= First Finance Commission =

1951 finance commission of India

The First Finance Commission of India was appointed in 1951, for the period 1952–57 by the President of India and was chaired by K. C. Neogy.

==Members==

| Name | Position | Note |
| K. C. Neogy | Chairman |  |
| V. P. Menon | Member | Resigned on 18 February 1952 |
| Justice R. Kaushalendra Rao |  |
| B. K. Mada |  |
| M. V. Rangachari | Member Secretary |
| V. L. Mehta | In Place of V. P. Menon |

==Terms of Reference==

The commission was asked to make recommendations regarding:
1. Allocations of income tax and Union Excise Duties and tax sharing.
2. Amounts payable as Grants-in-Aid to the States in need of Assistance under the ‘substantive portion of Clause 1 of Article 275’.
3. Grants-in-Aid to certain States in lieu of their share of export duty on jute and jute products according to Article 273
4. Continuation or adjustment of the terms of agreement with Part B States under Article 278 (1) or under Article 306.

==Recommendations==

- The share of States in the proceeds of income tax was to be 55 per cent.
- The First Commission recommended that shares of States in the Union excise duties be 40 per cent of the proceeds of the tax on three commodities, 25 per cent of the proceeds of the tax on eight commodities and 20 per cent of the proceeds of the tax on 35 commodities, respectively.
- As far as Horizontal Distribution is concerned, overwhelming weightage is given to Population (80%).
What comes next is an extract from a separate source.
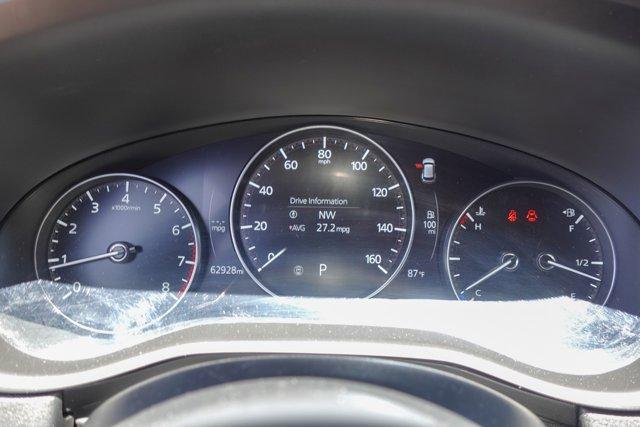 used 2024 Mazda CX-50 car, priced at $22,971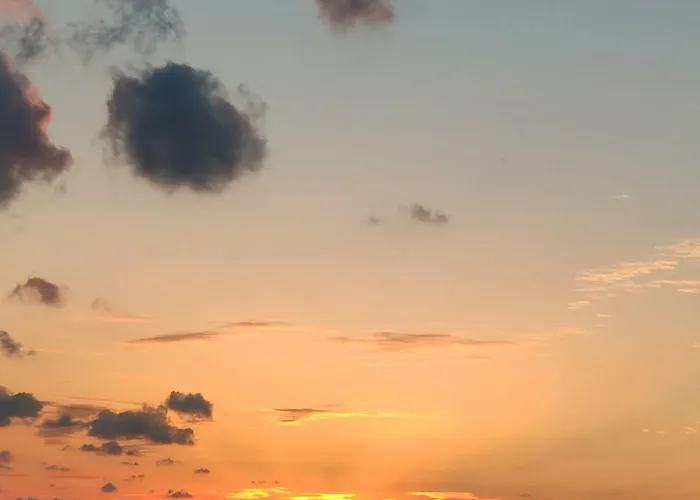 Sweet Coral Bay Sea View 3 Stocks Paphos Apartmán *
Only residual weightage of 20% given to contribution.
- No recommendations regarding grants for meeting capital requirements of the state were made by the commission.
- The Commission provided Grants-in- Aid (under Article 273) to only four states, namely, Assam Bihar, Orissa and West Bengal. However, Grants were provided to many states under Substantive Portion of Article 275 (1) and under the head of Primary education grants.
- All recommendations made by the commission were accepted by the Union Government.